# Work to be completed
Every entry below is to be retyped exactly as it appears.

Source information START

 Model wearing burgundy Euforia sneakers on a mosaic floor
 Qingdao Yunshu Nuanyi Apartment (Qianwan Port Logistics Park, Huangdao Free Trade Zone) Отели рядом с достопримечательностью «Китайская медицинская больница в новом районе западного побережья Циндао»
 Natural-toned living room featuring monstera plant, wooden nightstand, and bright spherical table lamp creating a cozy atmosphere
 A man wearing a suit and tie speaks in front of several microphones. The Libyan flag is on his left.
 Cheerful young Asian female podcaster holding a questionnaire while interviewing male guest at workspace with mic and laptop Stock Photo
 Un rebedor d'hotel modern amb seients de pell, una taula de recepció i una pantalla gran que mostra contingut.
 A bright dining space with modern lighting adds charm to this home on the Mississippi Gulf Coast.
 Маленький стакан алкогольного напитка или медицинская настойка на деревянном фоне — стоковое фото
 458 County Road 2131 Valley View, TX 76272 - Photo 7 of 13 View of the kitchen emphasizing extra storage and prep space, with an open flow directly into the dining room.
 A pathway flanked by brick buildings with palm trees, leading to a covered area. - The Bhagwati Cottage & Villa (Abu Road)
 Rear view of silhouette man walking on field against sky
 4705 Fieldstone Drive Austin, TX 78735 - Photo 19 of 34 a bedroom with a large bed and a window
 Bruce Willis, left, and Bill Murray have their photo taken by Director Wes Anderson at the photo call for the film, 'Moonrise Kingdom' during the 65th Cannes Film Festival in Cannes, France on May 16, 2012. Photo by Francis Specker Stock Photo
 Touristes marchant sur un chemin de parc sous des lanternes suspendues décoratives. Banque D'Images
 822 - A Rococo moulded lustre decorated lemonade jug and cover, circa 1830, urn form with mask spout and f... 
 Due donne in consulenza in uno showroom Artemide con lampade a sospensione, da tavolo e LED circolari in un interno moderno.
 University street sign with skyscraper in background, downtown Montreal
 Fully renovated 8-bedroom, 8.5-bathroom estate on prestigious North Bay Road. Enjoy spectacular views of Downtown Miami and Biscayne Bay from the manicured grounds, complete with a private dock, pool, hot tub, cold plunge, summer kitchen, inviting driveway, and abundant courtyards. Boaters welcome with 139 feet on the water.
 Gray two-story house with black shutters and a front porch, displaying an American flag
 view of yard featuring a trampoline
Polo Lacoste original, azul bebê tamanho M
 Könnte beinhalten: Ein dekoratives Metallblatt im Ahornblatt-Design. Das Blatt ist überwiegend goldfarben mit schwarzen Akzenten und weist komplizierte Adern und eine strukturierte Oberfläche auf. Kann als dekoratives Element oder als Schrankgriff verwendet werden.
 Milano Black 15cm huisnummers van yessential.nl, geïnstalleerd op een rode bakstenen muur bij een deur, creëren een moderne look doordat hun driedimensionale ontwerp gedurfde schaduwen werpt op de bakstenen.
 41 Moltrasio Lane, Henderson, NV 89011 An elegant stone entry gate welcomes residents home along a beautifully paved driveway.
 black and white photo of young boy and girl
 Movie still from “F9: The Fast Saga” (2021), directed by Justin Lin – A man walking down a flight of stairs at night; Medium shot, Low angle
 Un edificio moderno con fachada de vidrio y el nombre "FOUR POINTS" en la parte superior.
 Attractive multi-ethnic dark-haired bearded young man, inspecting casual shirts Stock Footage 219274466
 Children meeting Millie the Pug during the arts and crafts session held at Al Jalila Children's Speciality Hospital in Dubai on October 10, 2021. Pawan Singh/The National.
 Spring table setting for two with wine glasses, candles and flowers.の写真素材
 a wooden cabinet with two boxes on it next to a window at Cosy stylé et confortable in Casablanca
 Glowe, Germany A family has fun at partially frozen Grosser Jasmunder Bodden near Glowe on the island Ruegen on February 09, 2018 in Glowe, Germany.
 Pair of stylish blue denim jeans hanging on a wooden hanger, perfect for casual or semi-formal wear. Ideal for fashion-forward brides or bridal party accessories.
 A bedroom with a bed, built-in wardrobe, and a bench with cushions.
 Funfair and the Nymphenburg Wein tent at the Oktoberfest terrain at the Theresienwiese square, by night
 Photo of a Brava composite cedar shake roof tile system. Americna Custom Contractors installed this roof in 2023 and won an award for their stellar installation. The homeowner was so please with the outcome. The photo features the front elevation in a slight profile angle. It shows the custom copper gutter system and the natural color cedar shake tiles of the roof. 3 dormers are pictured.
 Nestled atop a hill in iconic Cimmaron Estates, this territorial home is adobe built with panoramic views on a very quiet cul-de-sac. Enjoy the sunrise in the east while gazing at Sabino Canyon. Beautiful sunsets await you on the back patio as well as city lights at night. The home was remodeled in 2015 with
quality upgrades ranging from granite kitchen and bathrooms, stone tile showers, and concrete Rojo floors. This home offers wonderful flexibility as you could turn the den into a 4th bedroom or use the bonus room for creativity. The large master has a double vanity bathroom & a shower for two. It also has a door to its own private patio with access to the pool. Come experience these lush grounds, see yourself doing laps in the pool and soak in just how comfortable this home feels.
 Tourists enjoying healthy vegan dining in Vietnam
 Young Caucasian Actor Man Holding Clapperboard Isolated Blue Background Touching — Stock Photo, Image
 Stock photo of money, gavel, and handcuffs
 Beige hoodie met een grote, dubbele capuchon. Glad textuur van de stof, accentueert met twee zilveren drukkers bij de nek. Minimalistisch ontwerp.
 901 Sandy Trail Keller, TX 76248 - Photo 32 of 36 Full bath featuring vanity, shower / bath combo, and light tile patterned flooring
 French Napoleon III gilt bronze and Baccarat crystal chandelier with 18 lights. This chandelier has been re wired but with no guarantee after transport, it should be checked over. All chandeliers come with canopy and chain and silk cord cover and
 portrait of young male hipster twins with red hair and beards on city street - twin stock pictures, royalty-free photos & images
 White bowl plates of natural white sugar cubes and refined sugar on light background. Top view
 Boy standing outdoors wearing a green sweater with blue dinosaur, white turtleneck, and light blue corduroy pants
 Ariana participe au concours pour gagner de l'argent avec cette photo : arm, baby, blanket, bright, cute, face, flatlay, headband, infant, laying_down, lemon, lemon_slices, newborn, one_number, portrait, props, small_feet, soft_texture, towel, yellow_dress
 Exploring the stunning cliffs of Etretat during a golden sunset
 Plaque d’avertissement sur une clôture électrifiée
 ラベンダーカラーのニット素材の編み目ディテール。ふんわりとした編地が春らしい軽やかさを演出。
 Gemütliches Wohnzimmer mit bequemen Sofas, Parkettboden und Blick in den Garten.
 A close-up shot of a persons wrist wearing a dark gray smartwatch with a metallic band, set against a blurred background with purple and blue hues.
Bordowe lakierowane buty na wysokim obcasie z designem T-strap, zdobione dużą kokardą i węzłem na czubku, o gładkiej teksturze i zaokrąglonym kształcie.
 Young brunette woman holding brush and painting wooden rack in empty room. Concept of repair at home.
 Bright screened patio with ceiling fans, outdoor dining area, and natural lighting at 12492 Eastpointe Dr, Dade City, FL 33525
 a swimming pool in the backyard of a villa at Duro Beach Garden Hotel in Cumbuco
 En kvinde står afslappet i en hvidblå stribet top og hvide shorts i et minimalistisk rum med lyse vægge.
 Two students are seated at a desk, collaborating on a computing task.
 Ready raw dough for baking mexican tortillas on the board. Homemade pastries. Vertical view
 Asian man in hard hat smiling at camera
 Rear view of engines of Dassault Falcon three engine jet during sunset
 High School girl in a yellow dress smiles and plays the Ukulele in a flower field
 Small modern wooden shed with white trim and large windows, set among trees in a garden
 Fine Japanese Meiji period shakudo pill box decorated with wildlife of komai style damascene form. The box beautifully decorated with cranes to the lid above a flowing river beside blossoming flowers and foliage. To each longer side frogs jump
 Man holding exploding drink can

Source information END

# Answer to this exercise
 Model wearing burgundy Euforia sneakers on a mosaic floor
 Qingdao Yunshu Nuanyi Apartment (Qianwan Port Logistics Park, Huangdao Free Trade Zone) Отели рядом с достопримечательностью «Китайская медицинская больница в новом районе западного побережья Циндао»
 Natural-toned living room featuring monstera plant, wooden nightstand, and bright spherical table lamp creating a cozy atmosphere
 A man wearing a suit and tie speaks in front of several microphones. The Libyan flag is on his left.
 Cheerful young Asian female podcaster holding a questionnaire while interviewing male guest at workspace with mic and laptop Stock Photo
 Un rebedor d'hotel modern amb seients de pell, una taula de recepció i una pantalla gran que mostra contingut.
 A bright dining space with modern lighting adds charm to this home on the Mississippi Gulf Coast.
 Маленький стакан алкогольного напитка или медицинская настойка на деревянном фоне — стоковое фото
 458 County Road 2131 Valley View, TX 76272 - Photo 7 of 13 View of the kitchen emphasizing extra storage and prep space, with an open flow directly into the dining room.
 A pathway flanked by brick buildings with palm trees, leading to a covered area. - The Bhagwati Cottage & Villa (Abu Road)
 Rear view of silhouette man walking on field against sky
 4705 Fieldstone Drive Austin, TX 78735 - Photo 19 of 34 a bedroom with a large bed and a window
 Bruce Willis, left, and Bill Murray have their photo taken by Director Wes Anderson at the photo call for the film, 'Moonrise Kingdom' during the 65th Cannes Film Festival in Cannes, France on May 16, 2012. Photo by Francis Specker Stock Photo
 Touristes marchant sur un chemin de parc sous des lanternes suspendues décoratives. Banque D'Images
 822 - A Rococo moulded lustre decorated lemonade jug and cover, circa 1830, urn form with mask spout and f... 
 Due donne in consulenza in uno showroom Artemide con lampade a sospensione, da tavolo e LED circolari in un interno moderno.
 University street sign with skyscraper in background, downtown Montreal
 Fully renovated 8-bedroom, 8.5-bathroom estate on prestigious North Bay Road. Enjoy spectacular views of Downtown Miami and Biscayne Bay from the manicured grounds, complete with a private dock, pool, hot tub, cold plunge, summer kitchen, inviting driveway, and abundant courtyards. Boaters welcome with 139 feet on the water.
 Gray two-story house with black shutters and a front porch, displaying an American flag
 view of yard featuring a trampoline
Polo Lacoste original, azul bebê tamanho M
 Könnte beinhalten: Ein dekoratives Metallblatt im Ahornblatt-Design. Das Blatt ist überwiegend goldfarben mit schwarzen Akzenten und weist komplizierte Adern und eine strukturierte Oberfläche auf. Kann als dekoratives Element oder als Schrankgriff verwendet werden.
 Milano Black 15cm huisnummers van yessential.nl, geïnstalleerd op een rode bakstenen muur bij een deur, creëren een moderne look doordat hun driedimensionale ontwerp gedurfde schaduwen werpt op de bakstenen.
 41 Moltrasio Lane, Henderson, NV 89011 An elegant stone entry gate welcomes residents home along a beautifully paved driveway.
 black and white photo of young boy and girl
 Movie still from “F9: The Fast Saga” (2021), directed by Justin Lin – A man walking down a flight of stairs at night; Medium shot, Low angle
 Un edificio moderno con fachada de vidrio y el nombre "FOUR POINTS" en la parte superior.
 Attractive multi-ethnic dark-haired bearded young man, inspecting casual shirts Stock Footage 219274466
 Children meeting Millie the Pug during the arts and crafts session held at Al Jalila Children's Speciality Hospital in Dubai on October 10, 2021. Pawan Singh/The National.
 Spring table setting for two with wine glasses, candles and flowers.の写真素材
 a wooden cabinet with two boxes on it next to a window at Cosy stylé et confortable in Casablanca
 Glowe, Germany A family has fun at partially frozen Grosser Jasmunder Bodden near Glowe on the island Ruegen on February 09, 2018 in Glowe, Germany.
 Pair of stylish blue denim jeans hanging on a wooden hanger, perfect for casual or semi-formal wear. Ideal for fashion-forward brides or bridal party accessories.
 A bedroom with a bed, built-in wardrobe, and a bench with cushions.
 Funfair and the Nymphenburg Wein tent at the Oktoberfest terrain at the Theresienwiese square, by night
 Photo of a Brava composite cedar shake roof tile system. Americna Custom Contractors installed this roof in 2023 and won an award for their stellar installation. The homeowner was so please with the outcome. The photo features the front elevation in a slight profile angle. It shows the custom copper gutter system and the natural color cedar shake tiles of the roof. 3 dormers are pictured.
 Nestled atop a hill in iconic Cimmaron Estates, this territorial home is adobe built with panoramic views on a very quiet cul-de-sac. Enjoy the sunrise in the east while gazing at Sabino Canyon. Beautiful sunsets await you on the back patio as well as city lights at night. The home was remodeled in 2015 with
quality upgrades ranging from granite kitchen and bathrooms, stone tile showers, and concrete Rojo floors. This home offers wonderful flexibility as you could turn the den into a 4th bedroom or use the bonus room for creativity. The large master has a double vanity bathroom & a shower for two. It also has a door to its own private patio with access to the pool. Come experience these lush grounds, see yourself doing laps in the pool and soak in just how comfortable this home feels.
 Tourists enjoying healthy vegan dining in Vietnam
 Young Caucasian Actor Man Holding Clapperboard Isolated Blue Background Touching — Stock Photo, Image
 Stock photo of money, gavel, and handcuffs
 Beige hoodie met een grote, dubbele capuchon. Glad textuur van de stof, accentueert met twee zilveren drukkers bij de nek. Minimalistisch ontwerp.
 901 Sandy Trail Keller, TX 76248 - Photo 32 of 36 Full bath featuring vanity, shower / bath combo, and light tile patterned flooring
 French Napoleon III gilt bronze and Baccarat crystal chandelier with 18 lights. This chandelier has been re wired but with no guarantee after transport, it should be checked over. All chandeliers come with canopy and chain and silk cord cover and
 portrait of young male hipster twins with red hair and beards on city street - twin stock pictures, royalty-free photos & images
 White bowl plates of natural white sugar cubes and refined sugar on light background. Top view
 Boy standing outdoors wearing a green sweater with blue dinosaur, white turtleneck, and light blue corduroy pants
 Ariana participe au concours pour gagner de l'argent avec cette photo : arm, baby, blanket, bright, cute, face, flatlay, headband, infant, laying_down, lemon, lemon_slices, newborn, one_number, portrait, props, small_feet, soft_texture, towel, yellow_dress
 Exploring the stunning cliffs of Etretat during a golden sunset
 Plaque d’avertissement sur une clôture électrifiée
 ラベンダーカラーのニット素材の編み目ディテール。ふんわりとした編地が春らしい軽やかさを演出。
 Gemütliches Wohnzimmer mit bequemen Sofas, Parkettboden und Blick in den Garten.
 A close-up shot of a persons wrist wearing a dark gray smartwatch with a metallic band, set against a blurred background with purple and blue hues.
Bordowe lakierowane buty na wysokim obcasie z designem T-strap, zdobione dużą kokardą i węzłem na czubku, o gładkiej teksturze i zaokrąglonym kształcie.
 Young brunette woman holding brush and painting wooden rack in empty room. Concept of repair at home.
 Bright screened patio with ceiling fans, outdoor dining area, and natural lighting at 12492 Eastpointe Dr, Dade City, FL 33525
 a swimming pool in the backyard of a villa at Duro Beach Garden Hotel in Cumbuco
 En kvinde står afslappet i en hvidblå stribet top og hvide shorts i et minimalistisk rum med lyse vægge.
 Two students are seated at a desk, collaborating on a computing task.
 Ready raw dough for baking mexican tortillas on the board. Homemade pastries. Vertical view
 Asian man in hard hat smiling at camera
 Rear view of engines of Dassault Falcon three engine jet during sunset
 High School girl in a yellow dress smiles and plays the Ukulele in a flower field
 Small modern wooden shed with white trim and large windows, set among trees in a garden
 Fine Japanese Meiji period shakudo pill box decorated with wildlife of komai style damascene form. The box beautifully decorated with cranes to the lid above a flowing river beside blossoming flowers and foliage. To each longer side frogs jump
 Man holding exploding drink can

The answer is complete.